Posted on August 8, 2022

Berating the U.S. Army Corps of Engineers is one of our favorite spectator sports here in Louisiana, especially since the disastrous flooding of Hurricane Katrina, 17 years ago this month.

Corps engineers have been unpopular ever since. Maybe not as unpopular as NFL referees, but that’s a pretty low bar.

So let’s take a minute to appreciate that the Corps has done something remarkable for New Orleans and Baton Rouge: Keep the Mississippi River from changing course and heading down the Atchafalaya basin, shortening its trip southward toward the Gulf of Mexico.

Over millennia, the Mississippi has shifted several times, seeking new routes to the Gulf as old riverbeds became clogged with silt. But with so much commerce and development dependent upon the river, the Corps was tasked with keeping the Father of Waters on its current path — hopefully in perpetuity.

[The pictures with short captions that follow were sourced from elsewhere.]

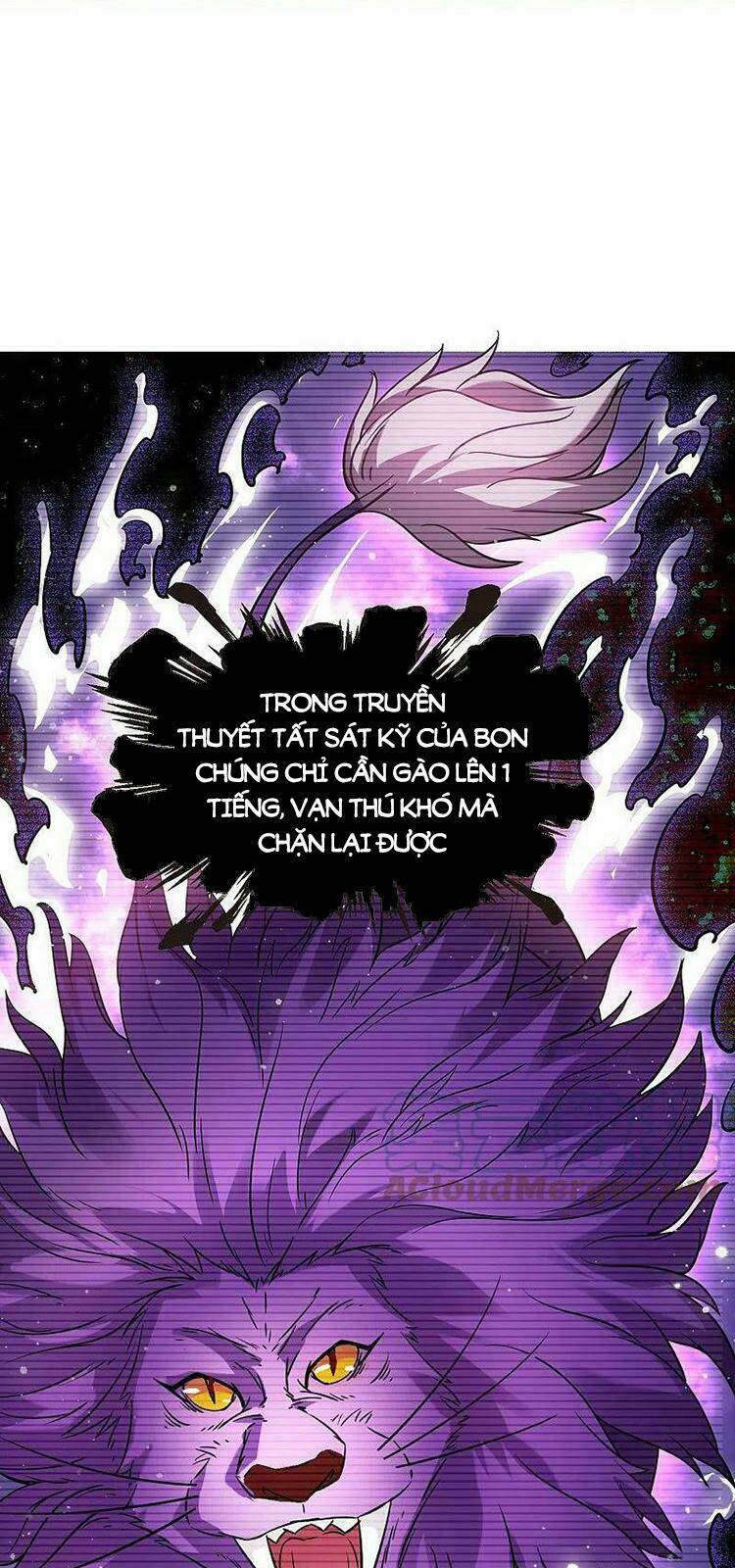 Phong Khởi Thương Lam Chap 536 - Next Chap 537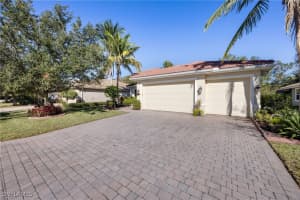 3041 Sheltered Oak Place, North Fort Myers, FL 33903 Sold 01/30/25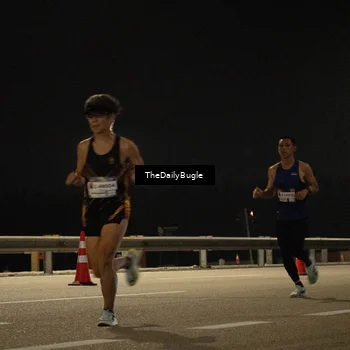 Runner Photo 7455633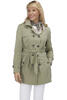 Vorschaubild zu BARBARA LEBEK Trenchcoat khaki, 2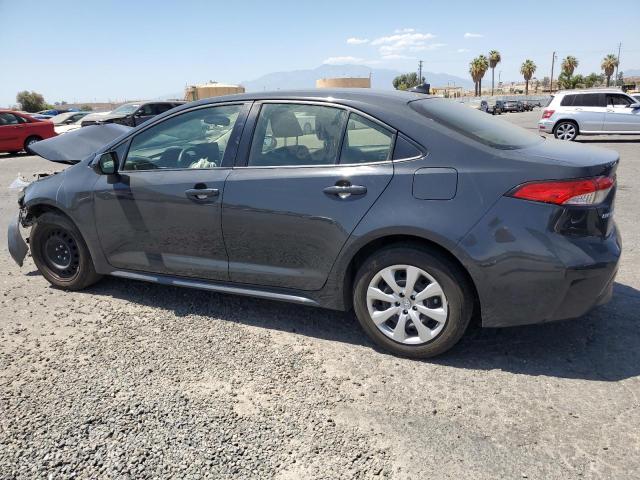 Photo 1 VIN: JTDBCMFE6P3008056 - TOYOTA COROLLA LE 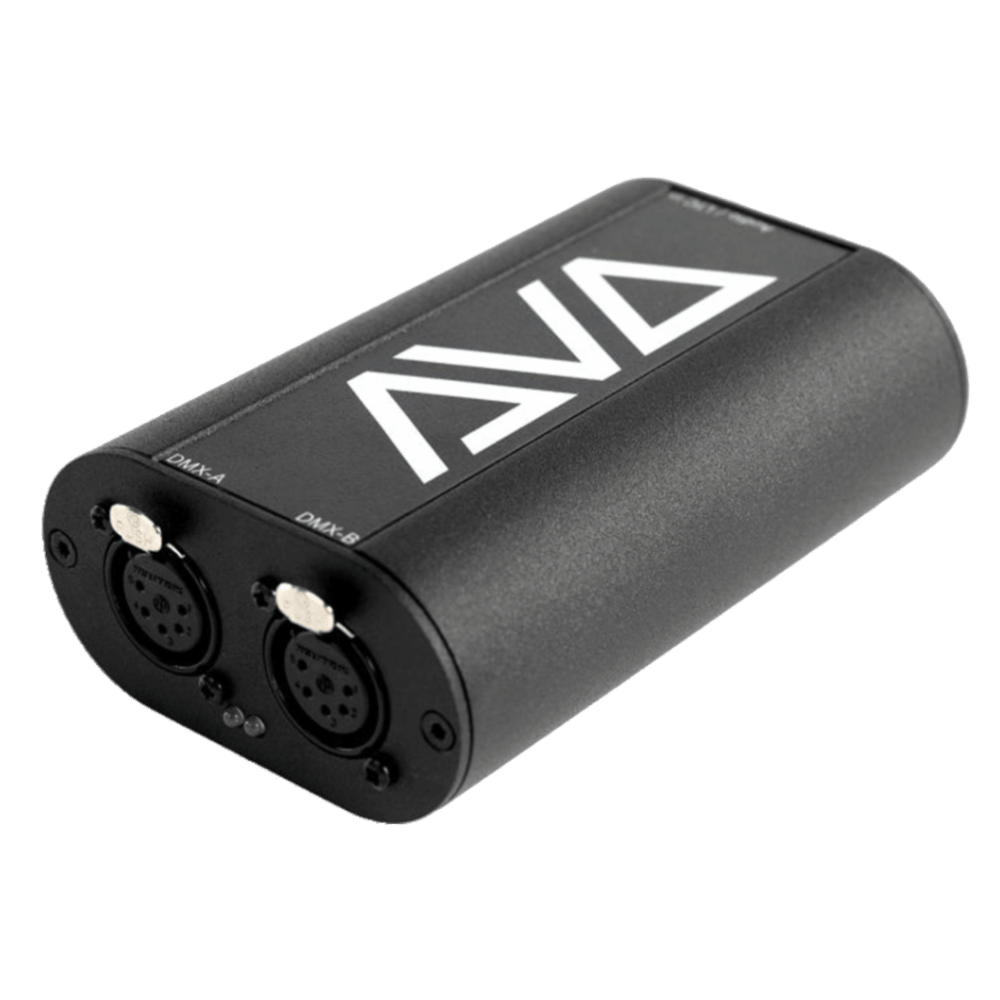 Avolites T2 DMXインターフェース | Hibino.com ヒビノ公式 オンライン
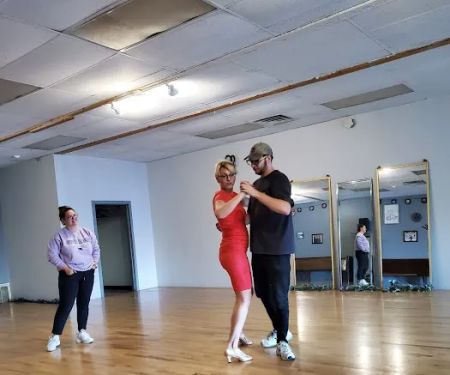 Valpo City Ballroom
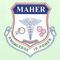 MAHER University, Institute Of Distance Education logo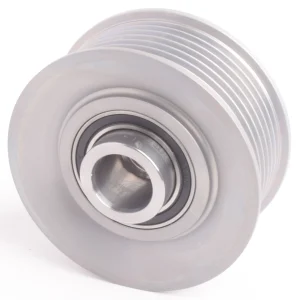 POLEA 7C CW -GIRO DERECHO TIPO VALEO HYUNDAI H1 PORTER 2.5 KIA SORENTO 2.5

The agency has kept its promise for more than a half century, thanks to an archipelago of dams and gates and floodways called the Old River Control Structure. The complex distributes river water so that 30% flows through the Atchafalaya and the rest down the traditional Mississippi River path. That was the distribution of river water in 1950, and Congress ordered the Corps to keep it that way.

Now, the Corps is planning an extensive inspection of the complex to ensure that it continues to do its job for years to come.

The Mississippi drains all or parts of 32 states and two Canadian provinces — the fourth largest watershed in the world — and keeping all that water where it belongs is an accomplishment worth boasting about.

The Corps does that for us, and that’s a lot more help than we get from NFL referees.